The linear variable differential transformer (LVDT) is an electro-mechanical device whose electrical output is linearly proportional to the displacement of a moveable core. It consists of a primary coil with two secondary coils placed on either side of the primary coil. A rod-shaped soft magnetic core inside the coil assembly provides a path for the magnetic flux linking the coils.
When the primary coil is energised by an alternating current, source voltages are induced in the two secondary coils. The secondary coils are connected in series, with the start of each winding being connected together. This arrangement produces a net zero signal output from the secondary coils when the induced voltages are equal in each of them.

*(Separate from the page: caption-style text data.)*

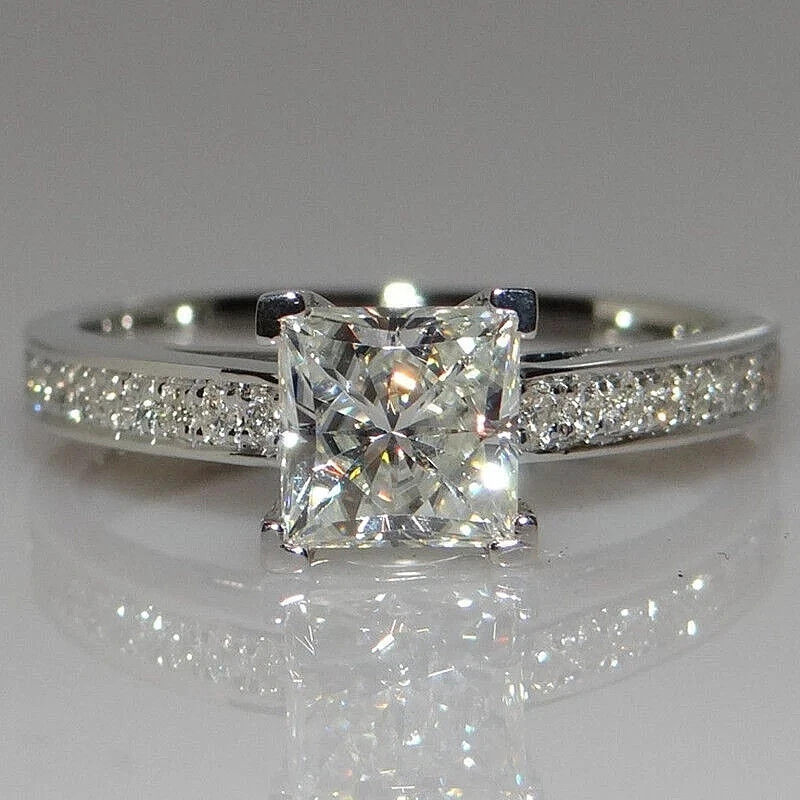 3.25 Ct Princess Cut Lab Created Diamond Wedding Ring 14K White Gold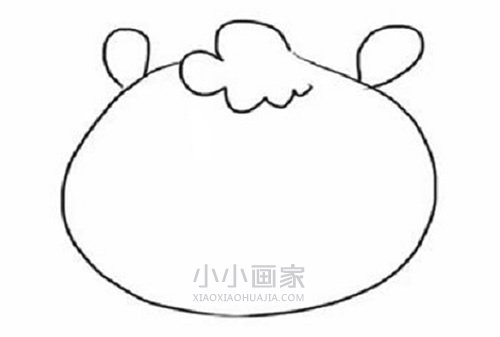 黑白羊驼简笔画画法图片步骤步骤2
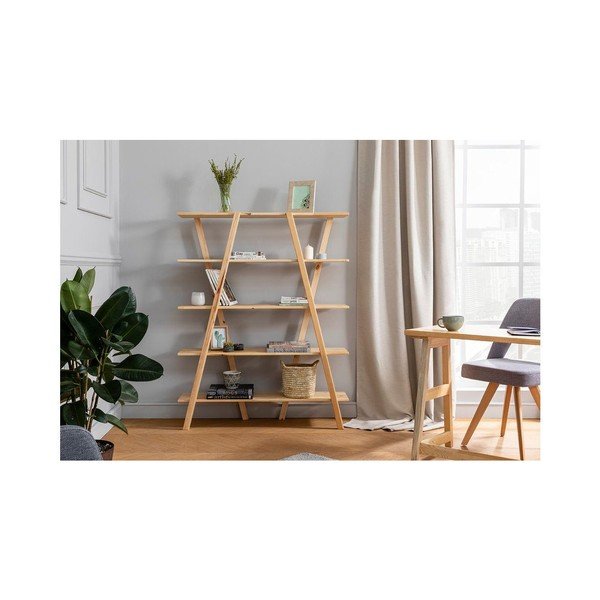 Libreria in legno di pino di colore naturale 120x148 cm Perla - Kalune Design-image-3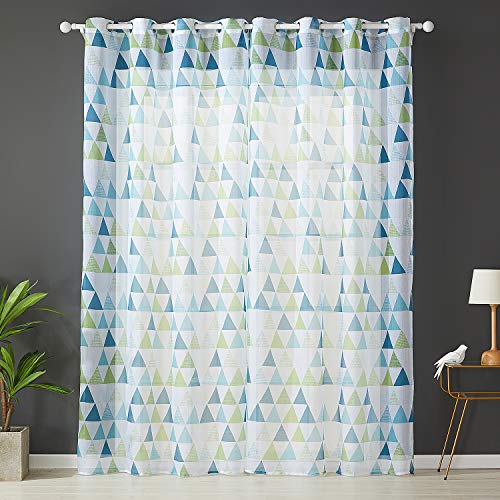 Topfinel Cortinas Estampado geometrico Translúcidas Visillos Paneles para Ventanas niños Habitaciones Gasa Salon Dormitorio Moderno con Verde Impresión de Ojetes,140 x 260cm 2 Pieza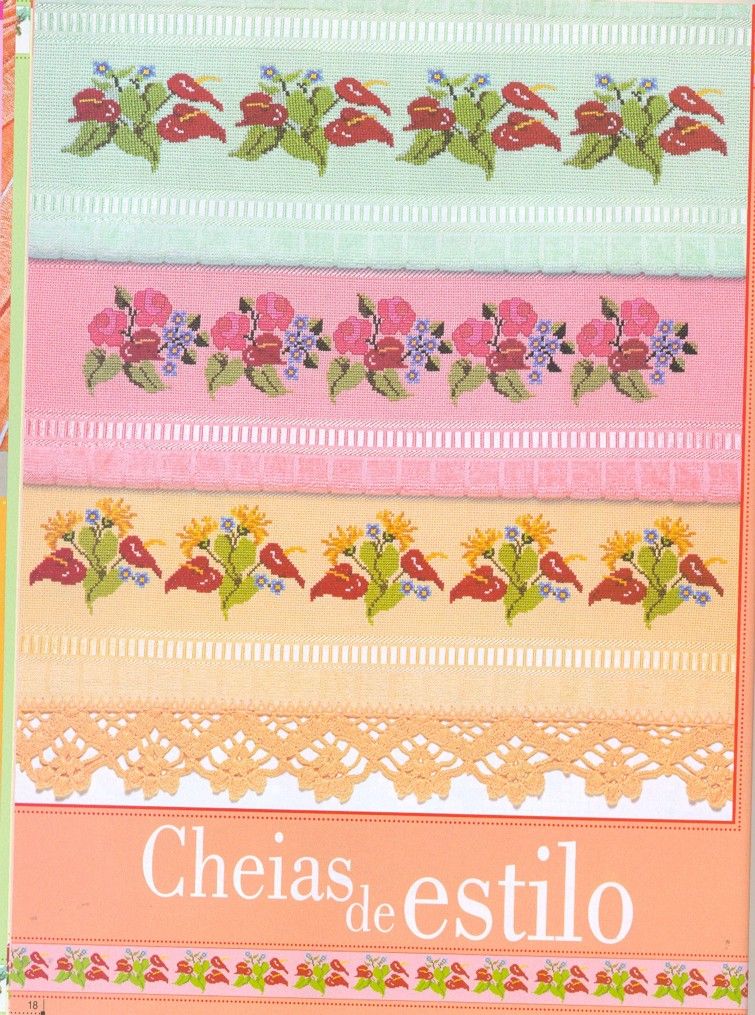 Schema punto croce Asciugamani Fiori 09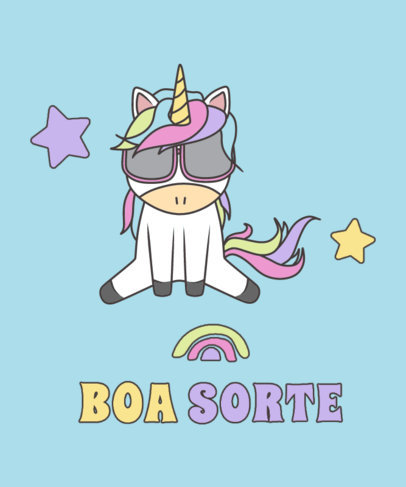 Fun T-Shirt Design Template for Kids Featuring a Lucky Unicorn 3762d-el1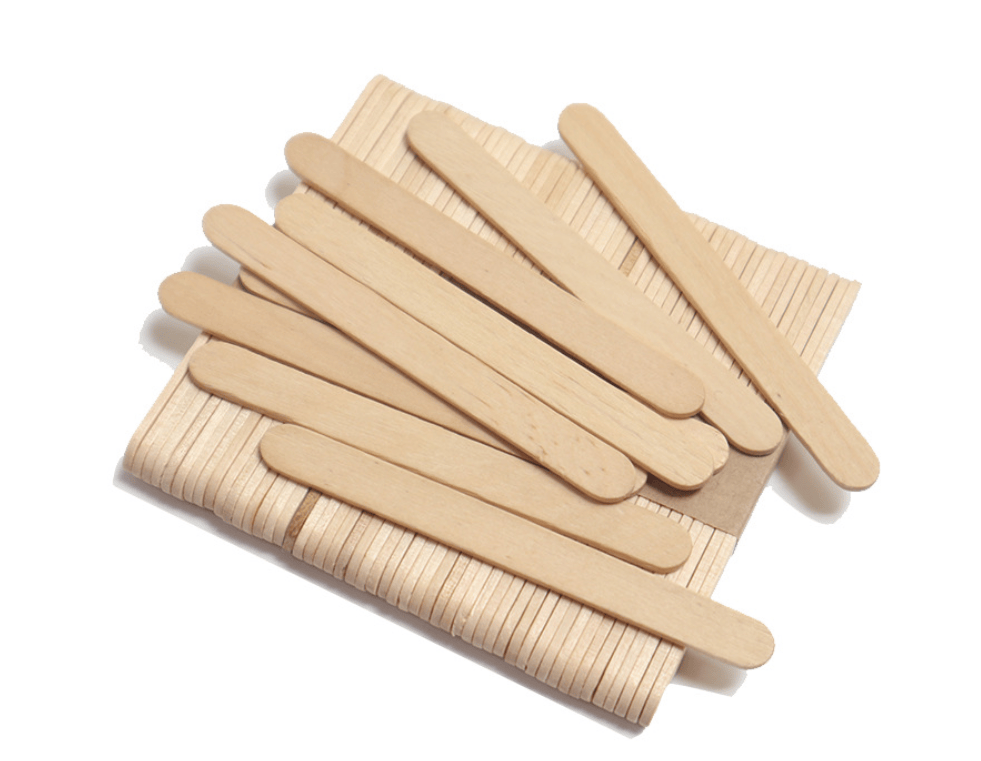 Durmaz Popsicle sticks 100 Wooden Craft Sticks Paddle Pop Popsicle Coffee Stirrers Ice Cream Wax Stick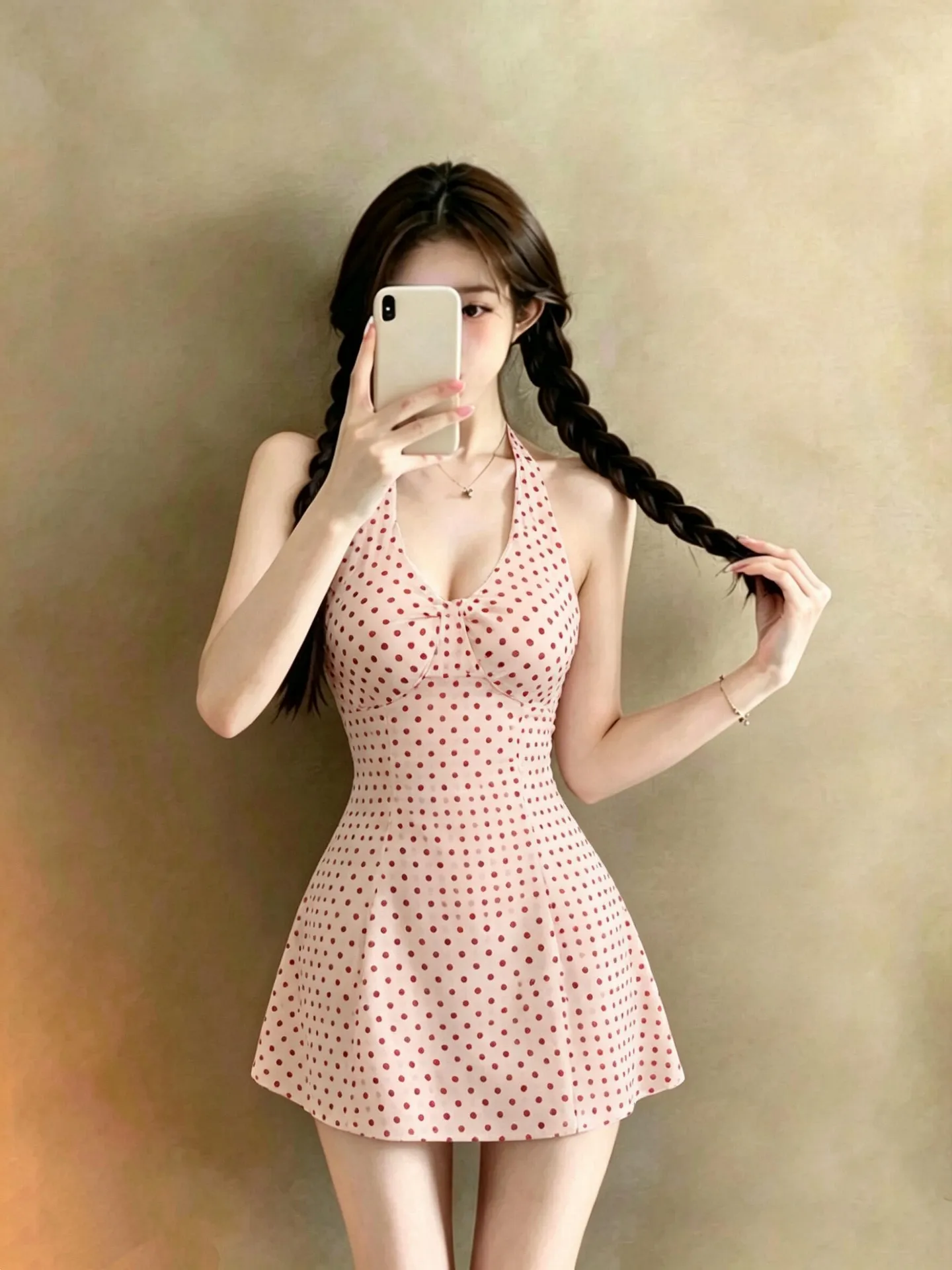 Summer Polka Dot Halter Neck Strapless Dress Women's Design Sensation Vacation Waist Cinching Slimming Short Skirt Korean Style
Summer Polka Dot Halter Neck Strapless Dress Women's Design Sensation Vacation Waist Cinching Slimming Short Skirt Korean Style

This condition occurs when the core is centrally disposed between the two secondary coils. A movement of the core leads to an increase in magnetic coupling to the coil in the direction of movement and a reduction in the magnetic coupling to the other coil, producing a net output signal from the connected secondary coils. Movement in the opposite direction produces an identical signal output but of opposite phase.
There are certain advantages to be gained from using LVDTs in pressure sensors. In such devices, a pressure responsive element is directly coupled to the core of the LVDT, which detects the movement of this element. The core displacement of the LVDT, prompted by the movement of a metallic pressure responsive diaphragm, produces the transducer output. Some LVDT pressure transducers are fitted with a single, precision metallic diaphragm (complete with over-range pressure protection stops) as the pressure-responsive element. This arrangement is suitable for differential, gauge and absolute transducers, which all employ a common design philosophy.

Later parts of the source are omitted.